If we just stick with the names, we must identify this Darius as Darius II, the grandson of Xerxes II. That gives us a date of 424 B.C. and makes Daniel nearly two hundred years old.

It’s a difficult historical issue, but one that is not without resolution.

First, the conqueror of Babylon was Cyrus, an undisputable fact. But, Cyrus was the son of a Median princess and was known even to Nabonidus as “Cyrus the Mede.” “Darius” was an old Iranian title for a king, and we know that Cyrus (or one of his descendants) made up another title, a Persian one, Xerxes, as a title for king.
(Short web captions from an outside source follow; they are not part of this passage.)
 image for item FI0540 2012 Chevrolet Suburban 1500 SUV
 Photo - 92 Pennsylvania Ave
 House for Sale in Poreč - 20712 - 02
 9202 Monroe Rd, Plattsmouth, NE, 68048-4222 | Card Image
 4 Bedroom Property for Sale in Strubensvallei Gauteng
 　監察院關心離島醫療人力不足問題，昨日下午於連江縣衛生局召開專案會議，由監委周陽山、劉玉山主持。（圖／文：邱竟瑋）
Second, remember that this book is not written by Daniel, but by someone who had access to Daniel’s writings. The first six chapters are written about Daniel, entirely in the third person. The second six chapters are also written about Daniel but the writer admits to reading the writings of Daniel (cf. Daniel 7:1). The book would have been composed long enough in the future that the writer would know these Persian titles. In fact, the writer admits to them. In the last verse of chapter six, he writes “So Daniel prospered during the reign of Darius, who is also [the NIV translates this “and”] Cyrus the Persian.”

What should not be overlooked in the chapter however is the great faith of Daniel and Cyrus’ acceptance and admission of the sovereignty of the God of Israel.

Tuesday, July 30. Daniel 3 – 5

It’s easy to overlook sometimes how much time goes by in just a few chapters in the Bible. In chapter five, Daniel is said to have been appointed “chief of the magicians, enchanters, astrologers and diviners.” And yet, Belshazzar doesn’t seem to know him. To further complicate matters, Belshazzar has called in the magicians, enchanters, astrologers, and diviners to interpret the writing on the wall, but they cannot. If Daniel is their chief, why wasn’t he there, leading his crew?

Daniel was taken as a young man to Babylon in 605 B.C. Nebuchadnezzar had just become king of Babylon. Our story in chapter five takes place sixty-six years later. Daniel is an old man and likely no longer “chief” of anything – yet certainly known by reputation.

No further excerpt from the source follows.